This article is based on the spreadsheet I made to estimate net worth over time.
I think that Excel is basically a programming language, and I have an interest in bridging the gap from it to more traditional languages. And I needed an excuse to get matplotlib working on my machine.
Luckily, procrastination worked in my case. If I had tried it a few months ago, numpy was not yet working on M1 macs, but as of python 3.9.4, it installs normally using pyenv and pip.
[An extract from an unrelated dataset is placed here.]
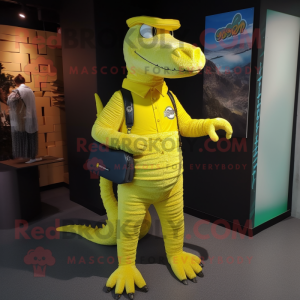 Yellow Crocodile mascot costume character dressed with a Jeggings and Clutch bags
I started a GitHub repo to hold the Excel spreadsheet and python port — I’ll be posting more ports to various frameworks. I like it as a simple example because it has conditionals, loops, arrays and is a pretty useful thing to know.
It’s also a good starting point for learning more programming. Excel is great, and there’s a lot you can do, but with the python version, I could add the following features.
- Instead of using constants for the various inputs (like market rate), use a lambda and define different ways the market could move rather than constant
- Do similar things with spending models in retirement, inflation, etc.
- Make it easier to have more lumpy spending/saving — meaning, assume aggressive spending in youth, then a period where you might have children and buying a house, then a house sale in the future, etc.
- Make it possible to show many more scenarios at once (like 30 historical market curves effect on your plan)
To be fair, all of this is very possible in Excel. It’s just a lot easier in python.